Parenteral nutrition in infants and children

Ann Simonin MD (Dr. Simonin of Children’s Hospital of Georgia has no relevant financial relationships to disclose.)
Pinkal Patel MD (Dr.Patel of Children’s Hospital of Georgia has no relevant financial relationships to disclose.)
Jatinder Bhatia MD (Dr. Bhatia, Division Chief of Neonatology at the Medical College of Georgia, Georgia Regents University, has no relevant financial relationships to disclose.)
Bernard Maria MD, editor. (Dr.
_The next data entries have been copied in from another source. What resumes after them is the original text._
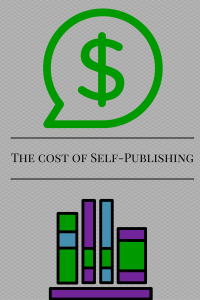 The cost of Self-Publishing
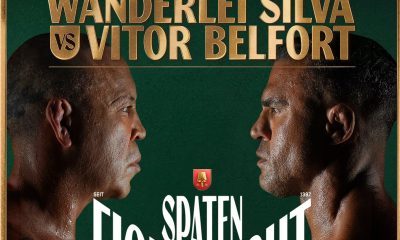 Pôster do Spaten Fight Night 2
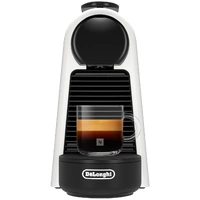 Nespresso Essenza Mini Capsule Coffee Machine - Matte White EN85WMT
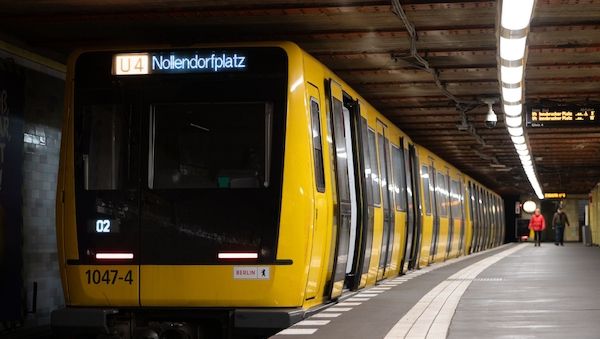 BVG unterbricht U1 und U3 wegen Bauarbeiten für vier Monate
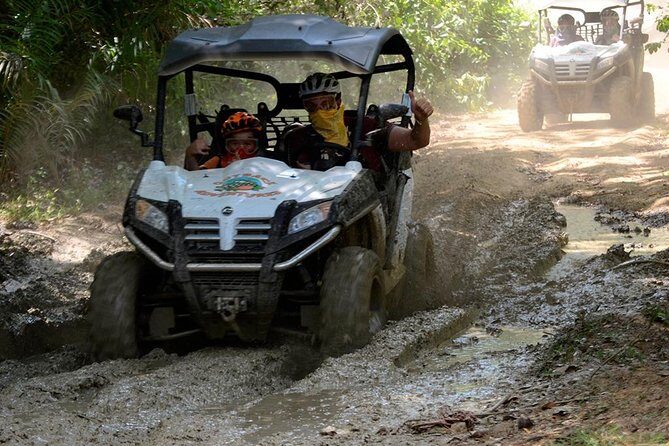 4WD Quad Terracross + Breef Safari, River Cave and Macao Beach - A Closer Look at the Itinerary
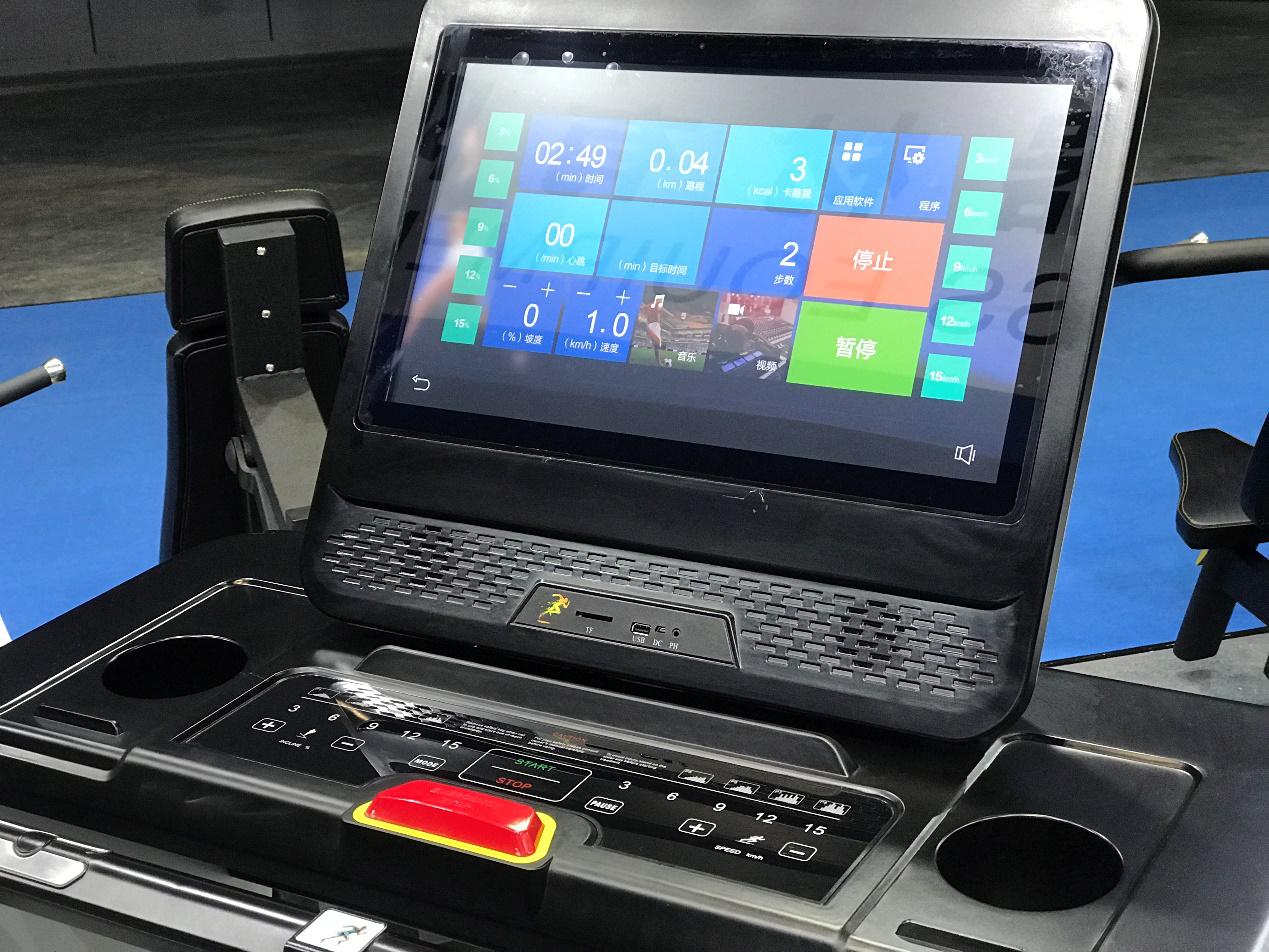 爱康跑步机c1650测评,铭扬7800跑步机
Maria of Icahn School of Medicine at Mount Sinai and Director of Pediatric Neurology and Developmental Medicine at Goryeb Children)
Originally released July 25, 2003; last updated October 10, 2016; expires October 10, 2019

Overview

In this article, the authors categorize types of parenteral nutrition, summarize and update currently recognized metabolic and nutrient requirements, and review complications that are associated with parenteral nutrition. Research updates in the field are also presented.

Key points

 

• The ultimate goal in nutrition for premature infants is to provide optimal nutrition throughout the hospitalization and beyond, including aggressive parenteral and enteral nutrition.

 

• Contrary to previous recommendations and some current practice, starting amino acids at 2.5 to 3.5 g/kg/day as early as day 1 has been shown to prevent negative nitrogen balance and is safe and efficacious.

 

• Fish oil emulsions (rich in long chain omega-3 fatty acid) providing n-3 and n-6 fatty acids show great promise over safflower or soybean oil in promoting brain development, modulating immune and inflammatory response, and protecting the liver once parenteral nutrition-associated liver disease (PNALD) sets in. Providing enteral feeding, if possible, is 1 of the most effective treatments of parenteral nutrition-associated liver disease.

 

• A specialized team of physicians (including the surgical team), dieticians, nurses, pharmacists, and ancillary staff trained in parenteral nutrition are of paramount importance to providing optimal and safe parenteral nutrition while decreasing time to full enteral feeds.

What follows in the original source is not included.